* [WORK ORDER]
When you come to a picture, pass over it, and set down the entries below exactly.
Top of INFORMATION
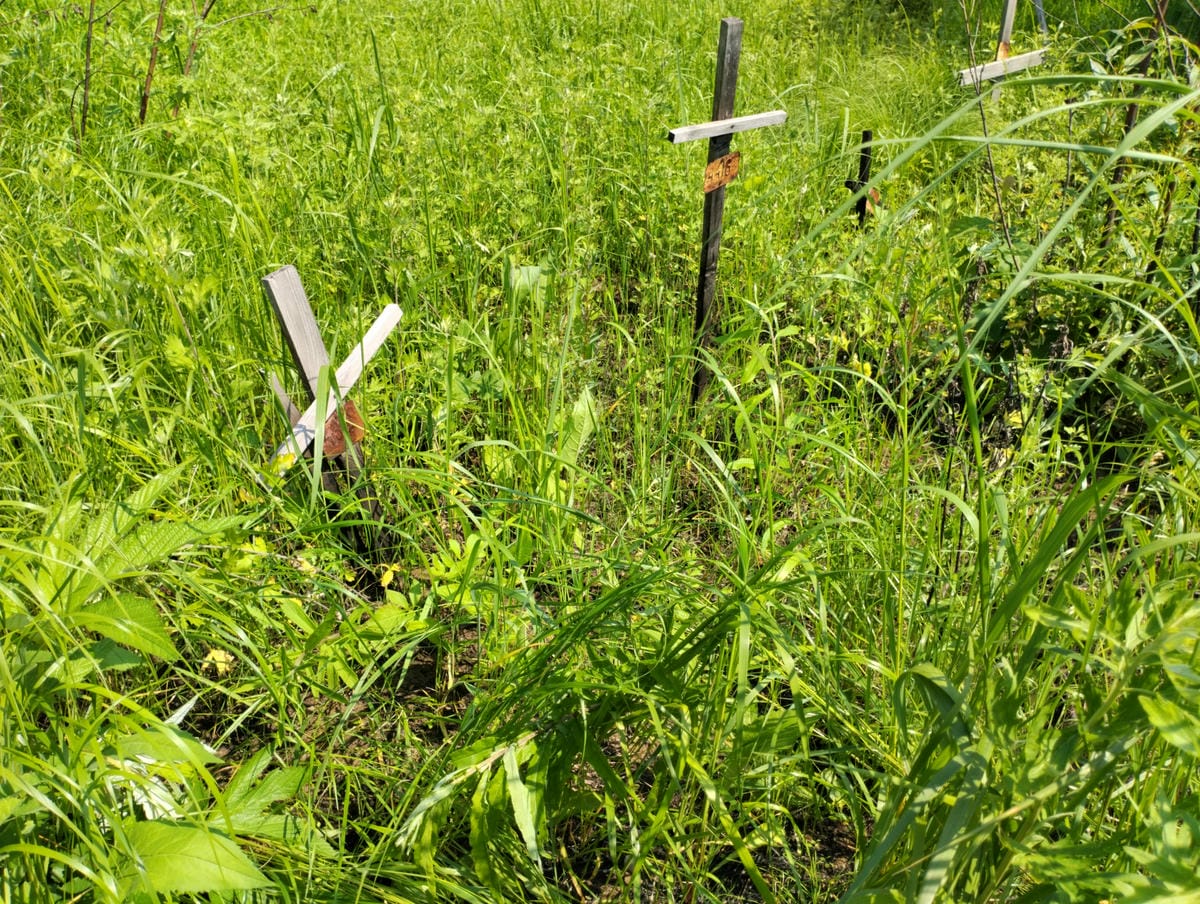 Неизвестно Неизвестно Неизвестно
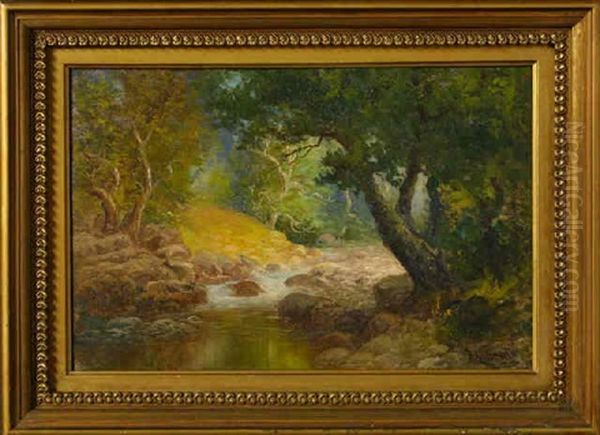 Oak Park Bounty - Santa Barbara, California - view 1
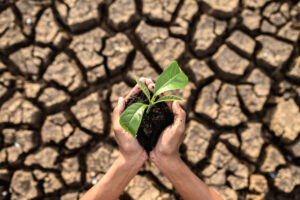 Home - boy are stand holding seedlings are dry land warming world scaled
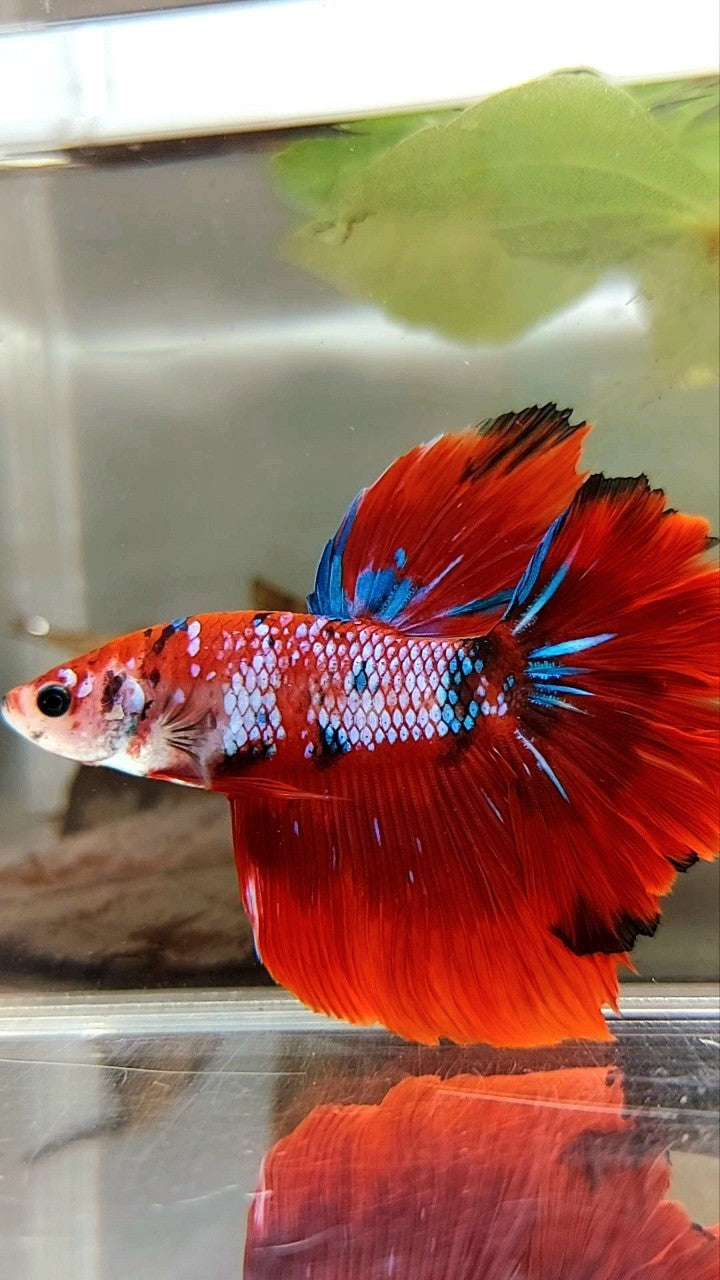 HALFMOON ROSETAIL RED FANCY MULTICOLOR BETTA FISH
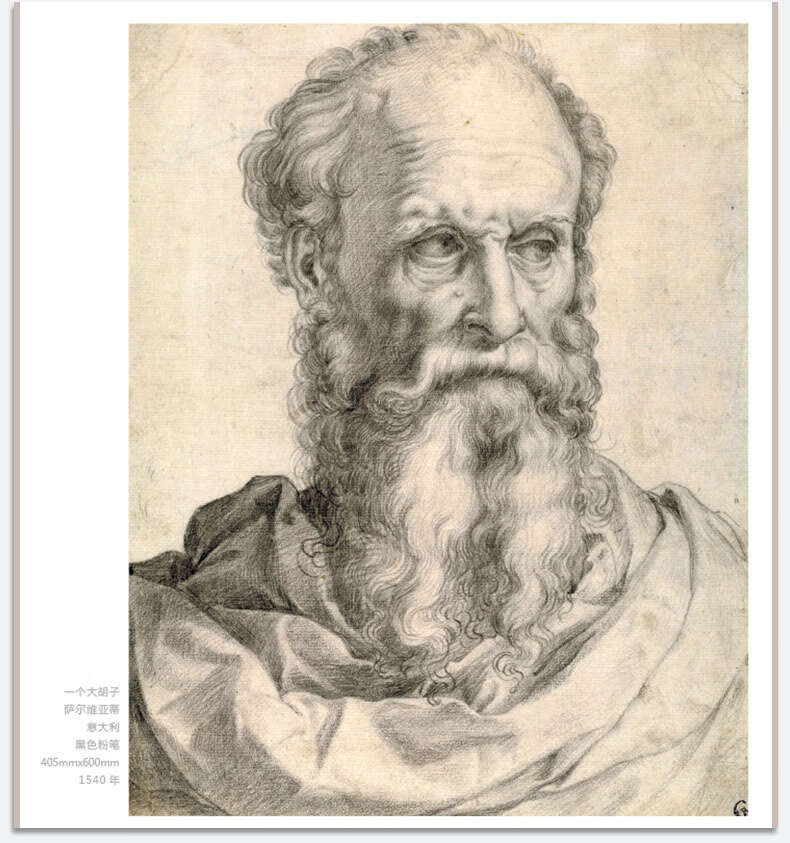 经典全集系列丛书:500年大师经典素描肖像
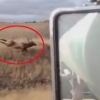 들판에서 사냥꾼에 쫓겨 트럭보다 빠르게 달리는 엘크 포착
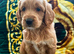 STUNNING AUSTRALIAN GOLDENDOODLE PUPPIES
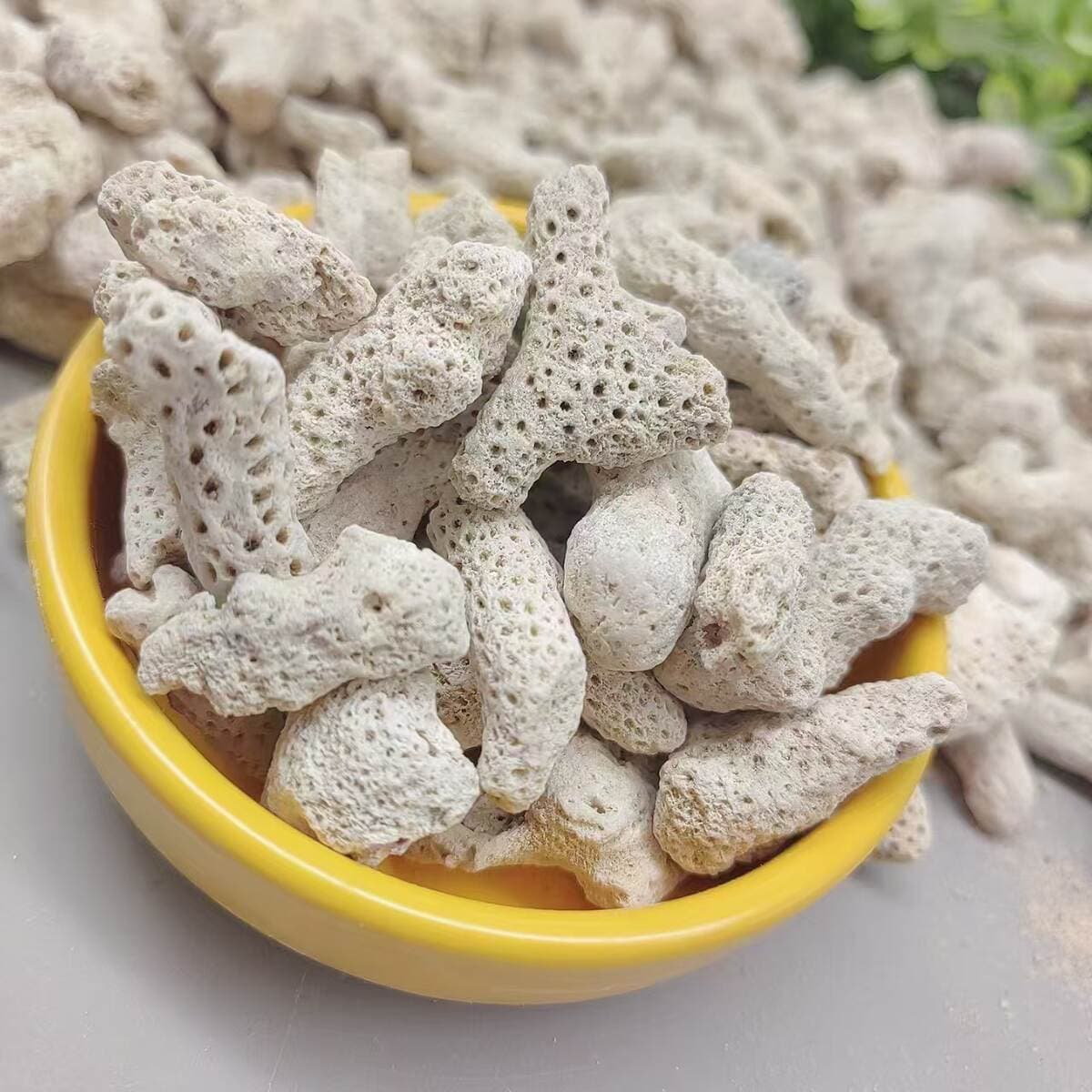 Source Supply of Spot Coral Sand, Coral Bone, Fish Pond Aquarium Filtration Water Treatment Fish Tank Landscaping Coral Stone 3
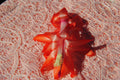 Christmas Cactus Starter Plant - Peach Party - Schlumbergera Truncata - Well Rooted Healthy Plant for Home Decor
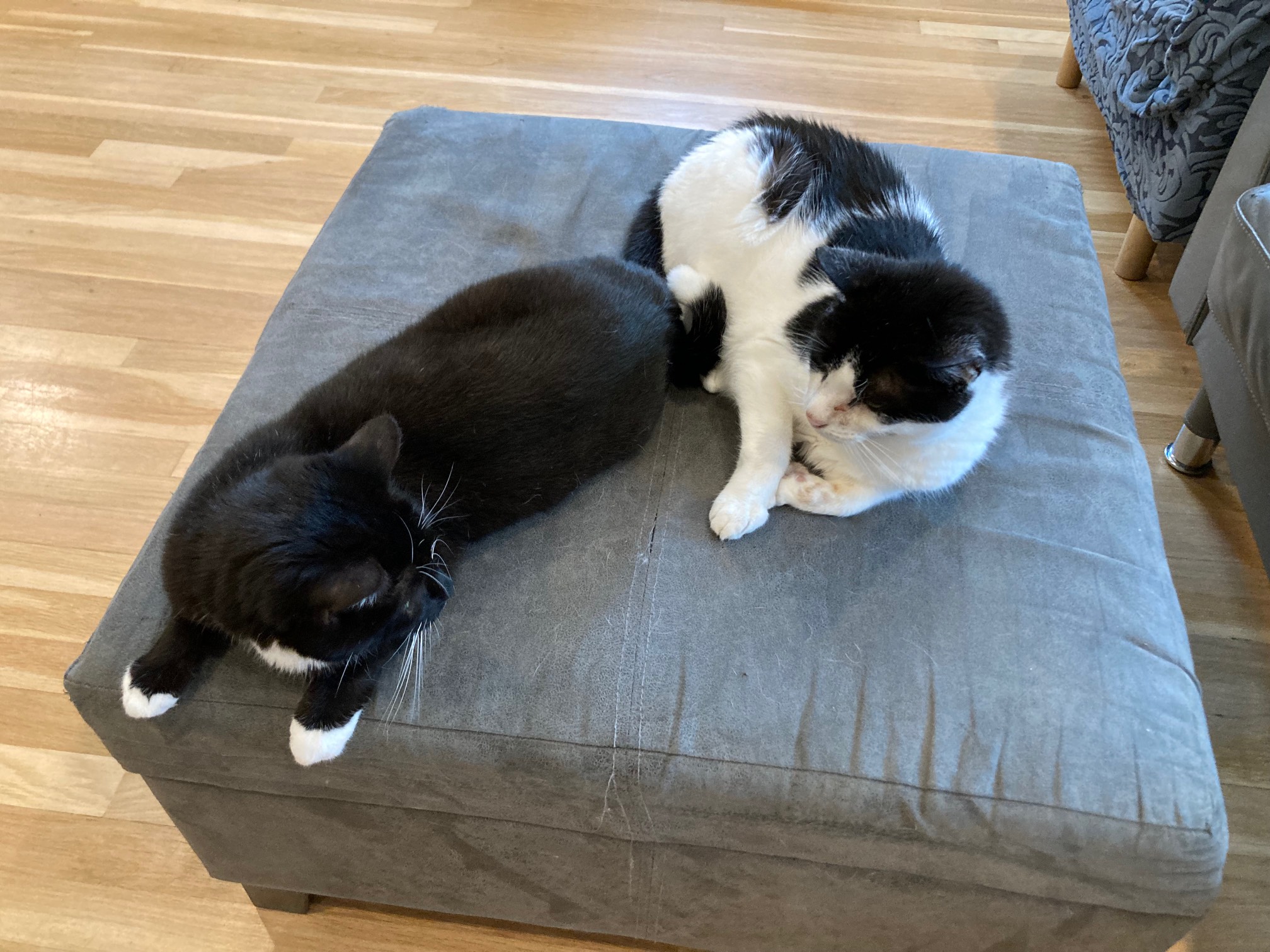 Cats looking at each other
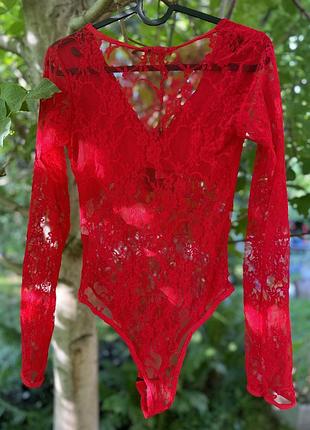 Гарне нове стильне мереживне боді тренд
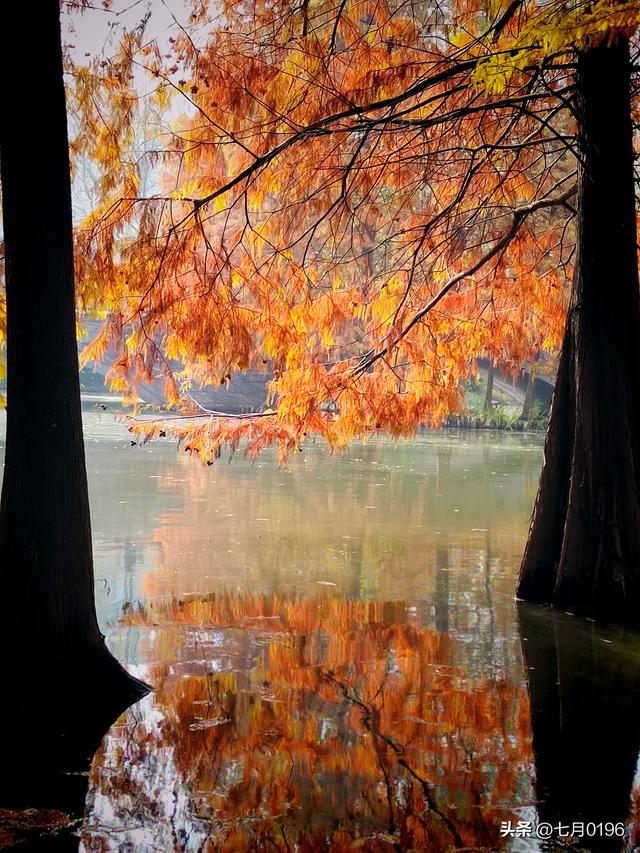 明孝陵探秘之燕雀湖邂逅落羽杉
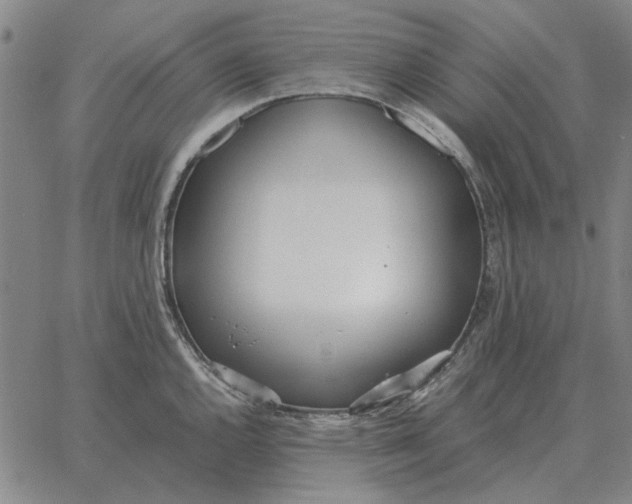 X0000061721144200512231402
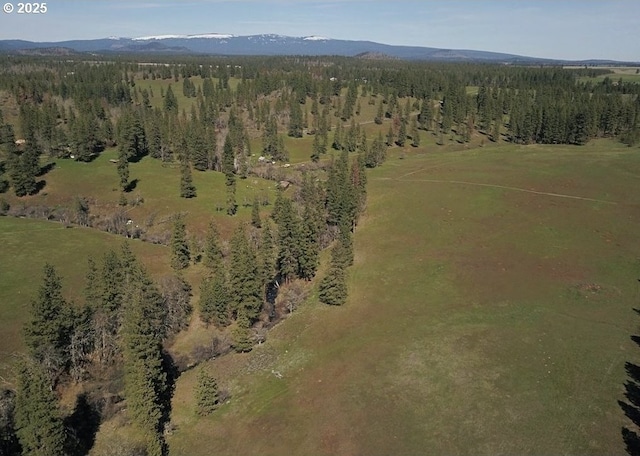 birds eye view of property featuring a mountain view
Bottom of INFORMATION
* [RESPONSE AREA]
 Неизвестно Неизвестно Неизвестно
 Oak Park Bounty - Santa Barbara, California - view 1
 Home - boy are stand holding seedlings are dry land warming world scaled
 HALFMOON ROSETAIL RED FANCY MULTICOLOR BETTA FISH
 经典全集系列丛书:500年大师经典素描肖像
 들판에서 사냥꾼에 쫓겨 트럭보다 빠르게 달리는 엘크 포착
 STUNNING AUSTRALIAN GOLDENDOODLE PUPPIES
 Source Supply of Spot Coral Sand, Coral Bone, Fish Pond Aquarium Filtration Water Treatment Fish Tank Landscaping Coral Stone 3
 Christmas Cactus Starter Plant - Peach Party - Schlumbergera Truncata - Well Rooted Healthy Plant for Home Decor
 Cats looking at each other
 Гарне нове стильне мереживне боді тренд
 明孝陵探秘之燕雀湖邂逅落羽杉
 X0000061721144200512231402
 birds eye view of property featuring a mountain view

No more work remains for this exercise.